Johannes Meiner (1867–1941) ran a photographic studio in Zurich’s Metropol House, working across all genres: portraits, architecture, urban views, advertising. His speciality was stereoscopy — a format whose square constraint, once reframed, fits naturally into the Karo. His plates document Zurich between approximately 1890 and 1920, and are today held at the Baugeschichtliches Archiv der Stadt Zürich, the institution in collaboration with which this selection was assembled by Ylva Meyer.
The lakeside promenade visible in this photograph was a recent construction at the time of the image. The Zürichsee quai embankments were built following plans by city engineer Arnold Bürkli and opened on 2 July 1887 — transforming what had been an irregular shoreline into a continuous public promenade on both banks. The rocks along the water’s edge in the foreground are part of that landscaping. Across the lake, on the Alpenquai, two buildings define the skyline of the image. The larger, castle-like structure with Gothic turrets and gabled roofline is the Rotes Schloss, a residential building completed in 1893 to designs by architect Heinrich Ernst, marketed to wealthy tenants as a residence in the style of the Loire châteaux. To its right, the dome of the Tonhalle pavilion — built in 1895 by Fellner & Helmer — is clearly visible. Both buildings were less than a decade old when Meiner made this plate.

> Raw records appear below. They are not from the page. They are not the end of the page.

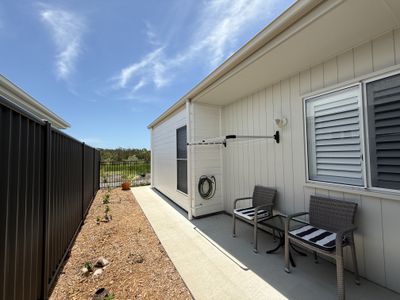 98 / 5 Serenity Drive, Eli Waters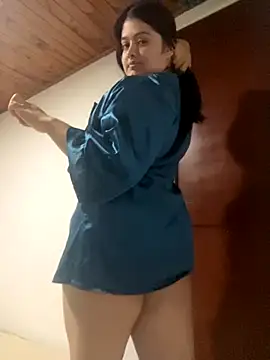 Stephania 18 online show from September 18, 10:13 pm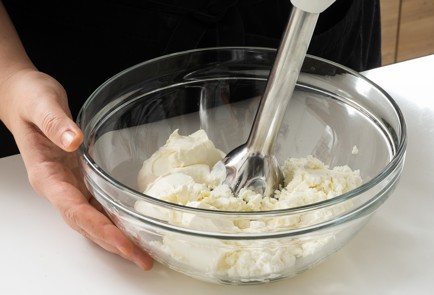 Фото шага рецепта Чизкейк из лаваша с грушей 151695 шаг 1  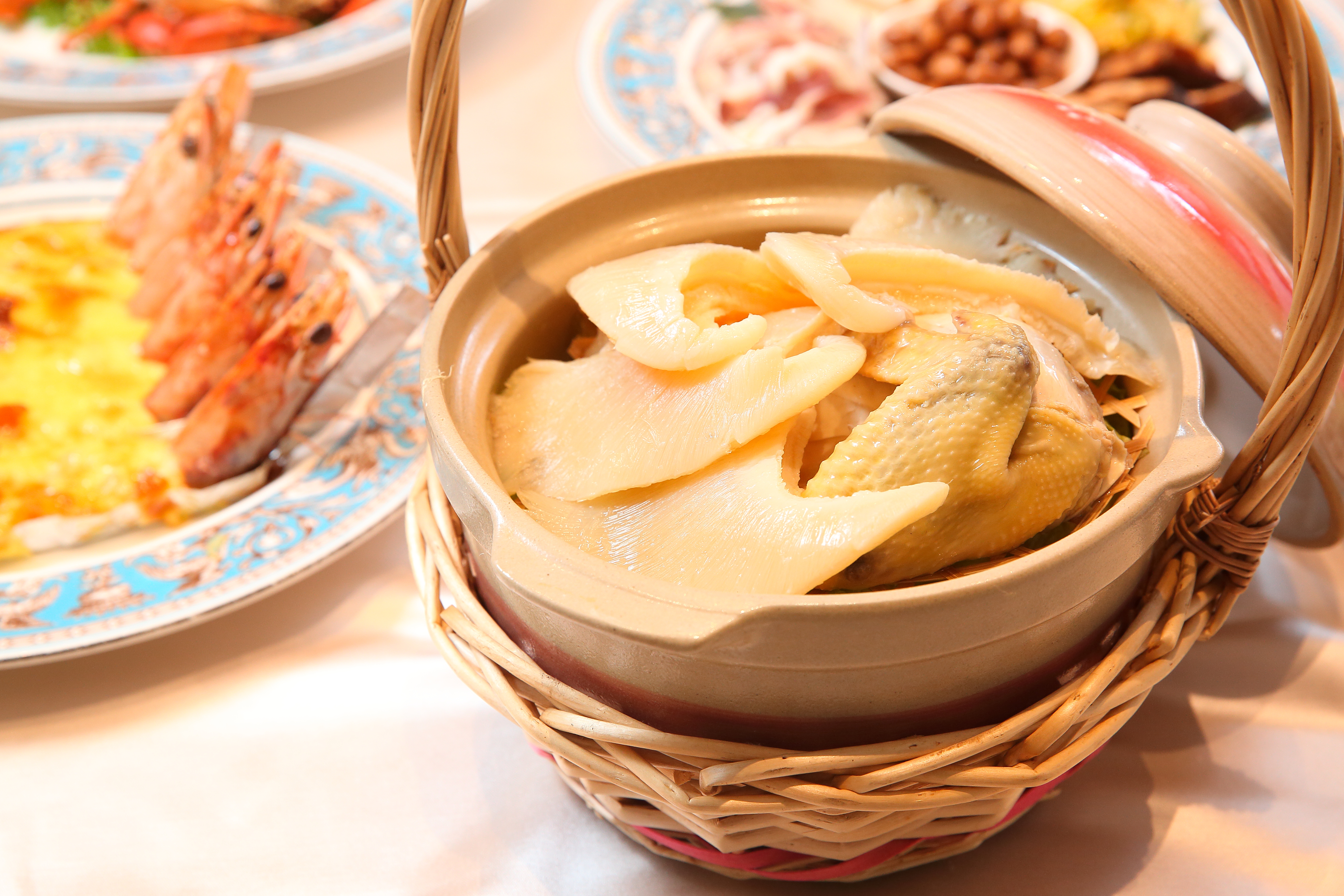 可以將雞剁成小塊，與冬粉、蔥等食材煮成冬粉雞湯。（本刊資料照）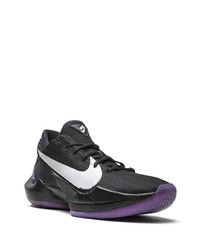 Chaussures de sport noires et blanches Nike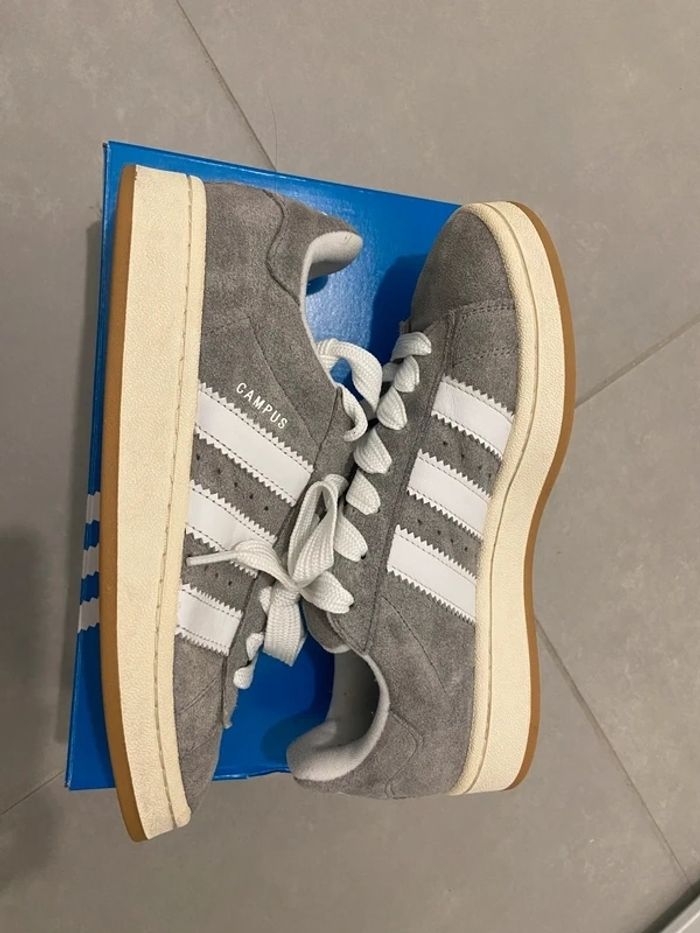 Adidas Campus grise 42 - photo numéro 3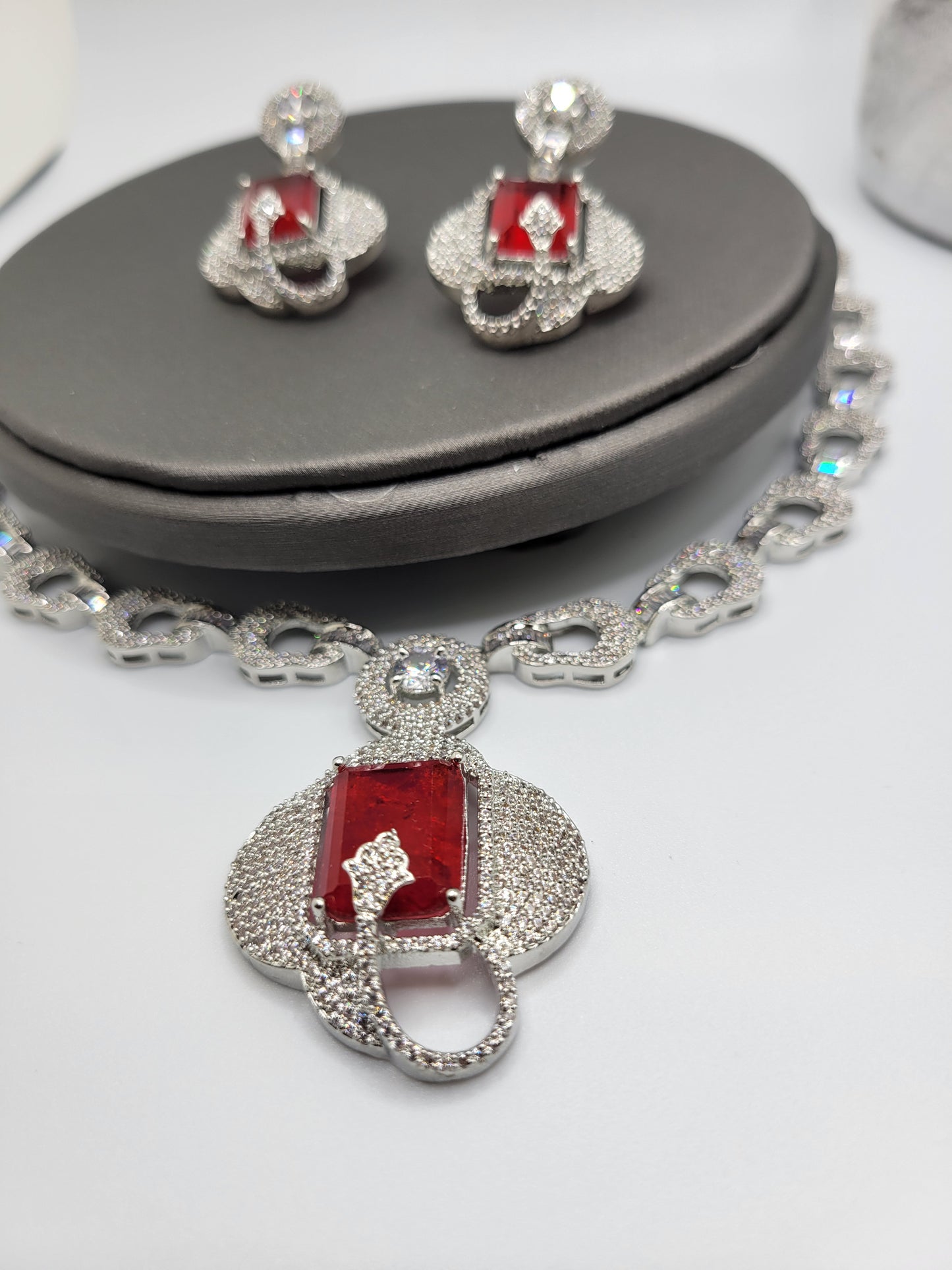 Opaque Red necklace set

What Meiner frames is the promenade in use: a pram, children on the rocks at the water’s edge, a figure on a bench, the geometry of the path leading toward the lake. The buildings across the water are the backdrop, not the subject. The stereoscopic composition uses the depth of the water and the distance to the opposite bank to create spatial separation between the foreground life and the city behind it.
The plate
Stereoscopic glass slide. “Zürich, Quaipromenaden”. Selected from the Johannes Meiner holdings at the Baugeschichtliches Archiv der Stadt Zürich. Dated c. 1900–1910. Piezography® Pro print on Awagami Bamboo Washi, 250 g/m² — made by the Awagami Factory in Tokushima, Japan, directed by the Fujimori family for eight generations, within a washi tradition in the Awa region dating to the 7th century. 30 × 30 cm. Edition of 200, Zürich.